Nella Città si veggono l’antichissime rovine di quel Palazzo, il quale con le smisurate sue forze sopra i Filistei, che dentro in giuochi, & spassi vi si trattenevano, fece cadere il gran Sansone, con la morte di se stesso, & di tutti loro. Sonovi bei giardini, che a questo tempo incominciavano a maturar le armandole, & altri frutti. È habitata da molti Christiani Greci la Città, & vi hanno una bella Chiesa, ove si riducono ad’officiare; Dell’altre, che molte v’erano i Turchi se n’hanno fatto delle Moschee; vi è un bel Bazarro, ove si vendono biscotto bonissimo, frutti, & altre cose per il vitto & a mercato assai commodo. Qui si trovano delle tortorelle bianche, che generano come fanno i colombi nelle Gabbie. Evvi anco una Casa nella quale stà l’interprete, che in capitando qualche pellegrino l’alloggia, & perche da questa Città infin nel Cairo non si ritrova acqua buona, ne altro da comperare per vivere, facessimo qui provisione di ciò che poteva esser necessario, et doppo d’haver più volte fatta instanza per la licenza dal Bassà, che la Caravana partisse, l’ottenessimo alla fine l’ultimo d’Aprile.
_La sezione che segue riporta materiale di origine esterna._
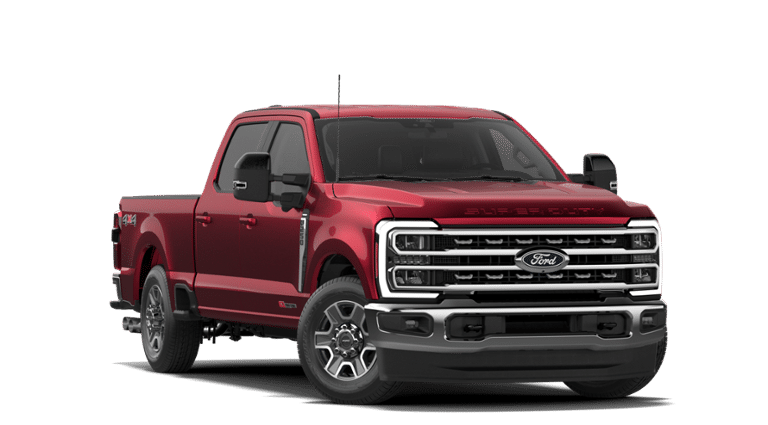 2027 Ford Super Duty F-250 SRW NEW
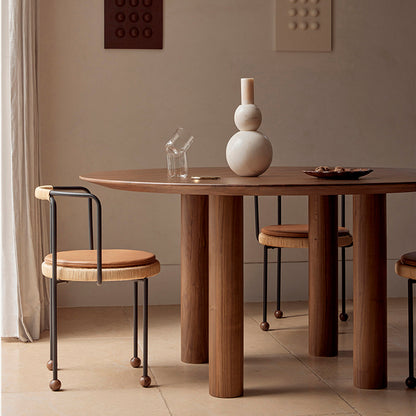 Earth Round Dining Table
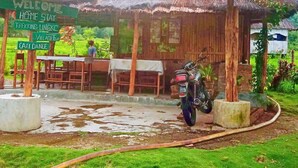 Reception - Tado Homestay (Nampar Macing)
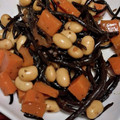 ヨシヨッシー's cooksnap of when they made 戻さない！ひじきの五目煮.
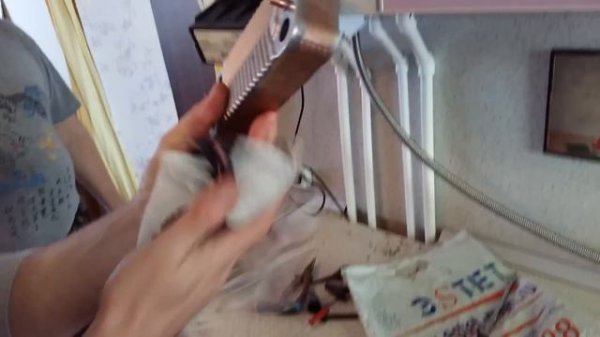 ООО Термотайм Viessmann Vitopend 100 wh1d проблема ошибка F2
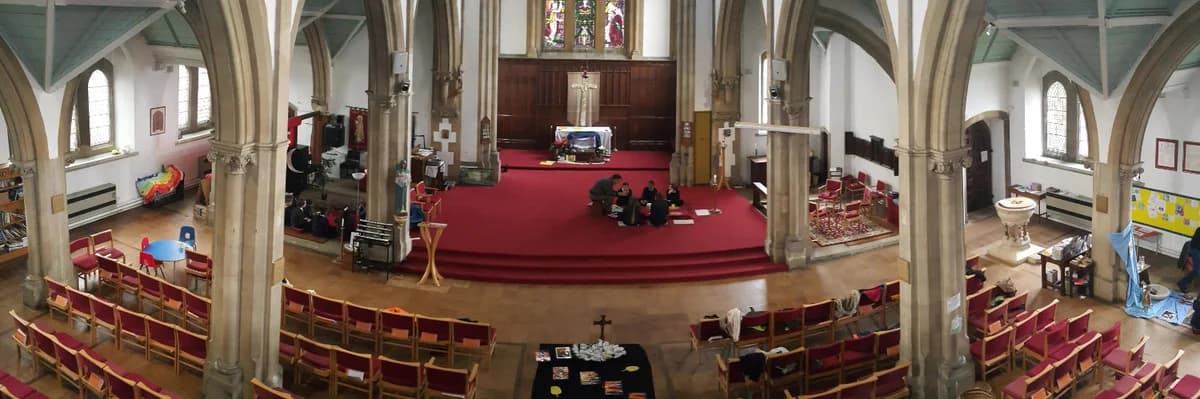 St. Paul and St. Stephen's Church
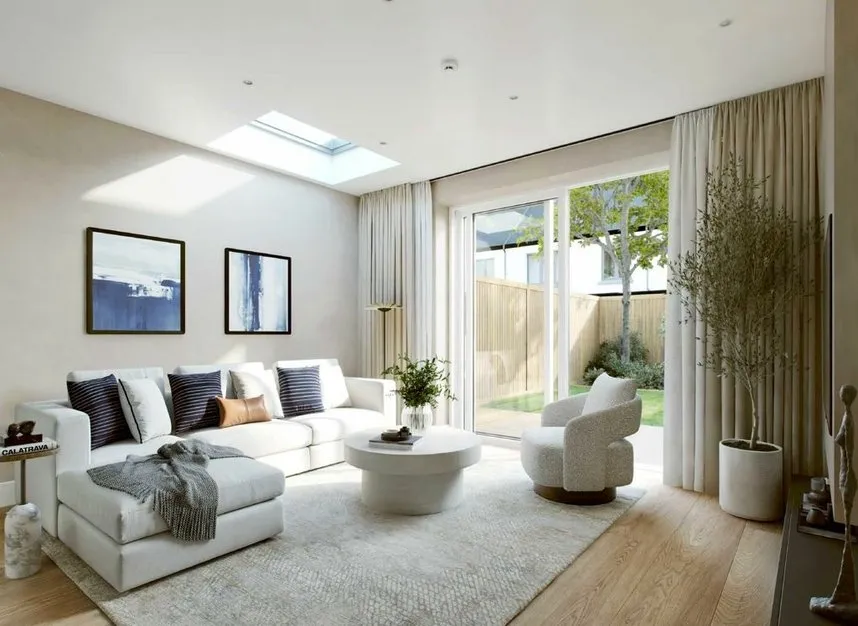 4 bed house for sale — Edwin Road, Twickenham, TW2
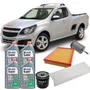 KIT OLEO MOBIL E FILTROS MONTANA NOVA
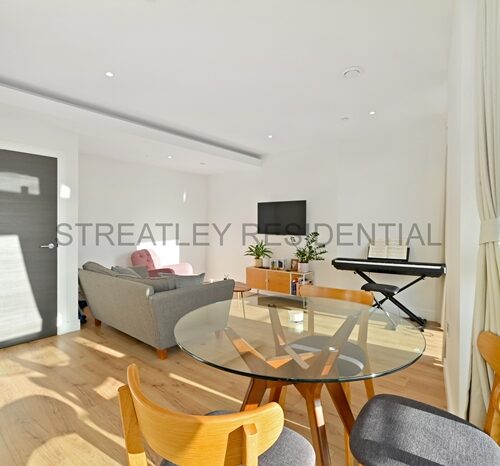 Montpellier House, Glenthorne Road, London, W6
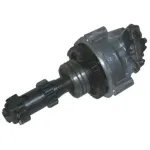 Редуктор пускового двигуна 350.12.010.00 ХТЗ T-150, ХТЗ T-150Г(ХТЗ), ХТЗ T-150К(ХТЗ)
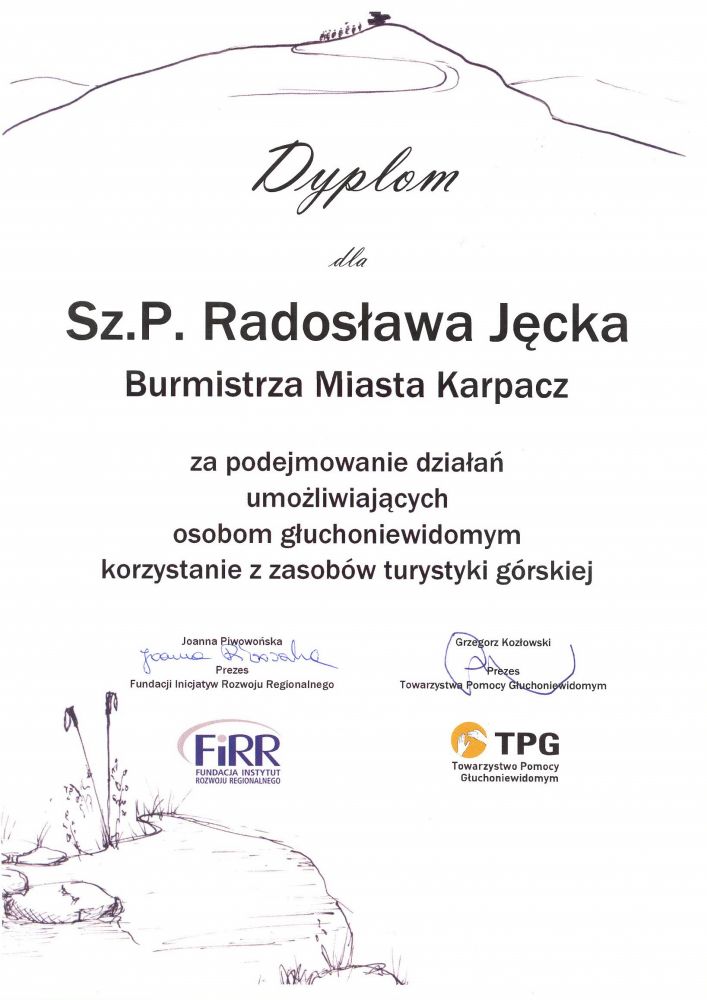 Gala Samorządu Równych Szans
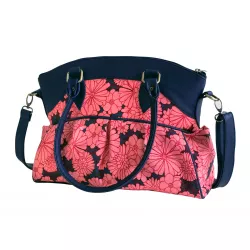 Sac à main bowling Coralia - Bibop et Lula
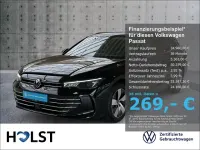 Gebraucht VW Passat IQ Drive 150 PS (110 kW) 2025 Schwarz Kombi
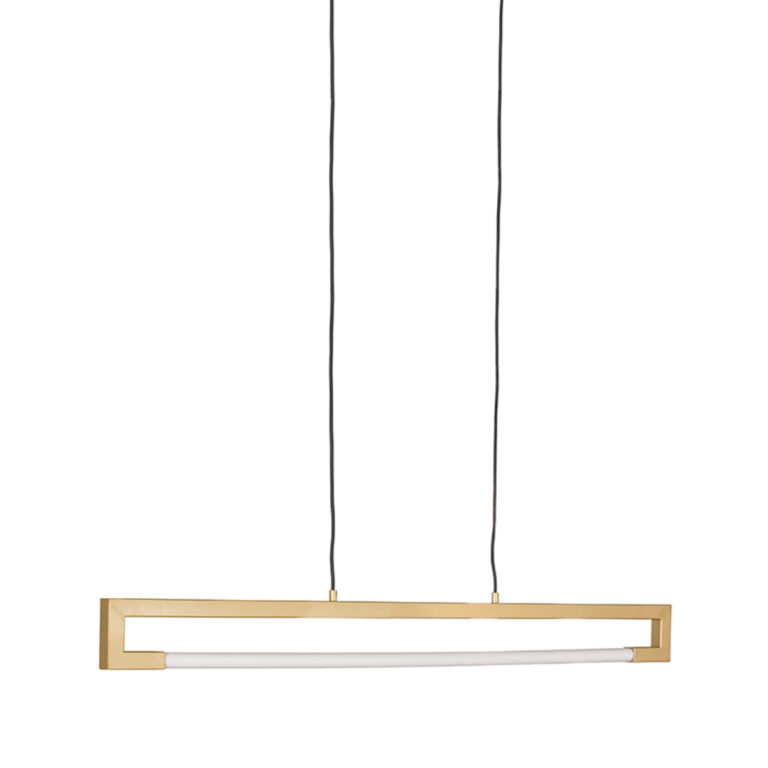 LABEL51 Hanglamp Futuro - Antiek goud - Metaal - Hanglamp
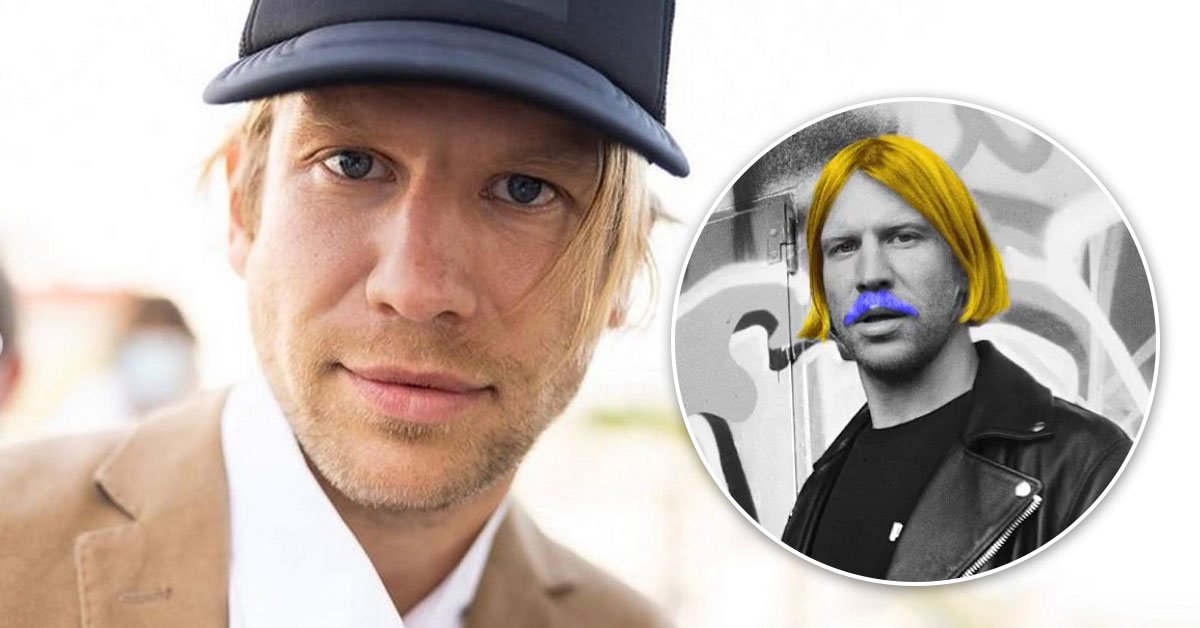 иван дорн помогает украине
Di ciò tutti lieti attendessimo al compimento delle provisioni, & il primo di Maggio fatto caricare, & pagati alcuni cafarri, che sono intorno ad un Reale per testa, con tutta la Caravana partissimo accompagnati per commissione del Bassa, cortese in questo, da alcuni soldati a cavallo, acciò non fussimo molestati da gli Arabi assassini; & cavalcando pel deserto tutto arenoso intorno ad’otto hore, arrivassimo a Caleones [231], ove è un picciol ricetto, tenuto da alcuni soldati, che ne fecero pagare mezzo Reale per huomo, alloggiando noi alla campagna al sereno, nel restante del giorno, & della notte. Levati avanti giorno, cavalcando al solito pel deserto altre otto hore di camino, arrivassimo a Laris [232], Castello, distante poco più di due miglia dalla Marina. Quì pure stanno alcuni soldati, che ne fecero pagare alcuni maidini per Camello, & vi habita di più altro poco numero di gente, dalla quale havessimo commodità di comperare galline, & ova, oltra la ventura d’una fontana, ove abbeveraronsi gl’animali, riposando tutti quasi fino alla mezza notte.
Dopo’l riposo si fece partita, & cavalcossi per quel polveroso, & faticoso deserto da dieci hore continue senza ritrovar altro mai che sabbia. Ristorati, & riposati in detto deserto fino a mezza notte, seguimmo il viaggio per altre dieci hore, al fine delle quali arrivassimo ad un luogo ove è un pozzo, & si chiama, Carler [233], che fece pausa al nostro viaggio, per il restante del giorno, & per la notte seguente. L’acqua del pozzo è salsa, pure si da a bere alle bestie.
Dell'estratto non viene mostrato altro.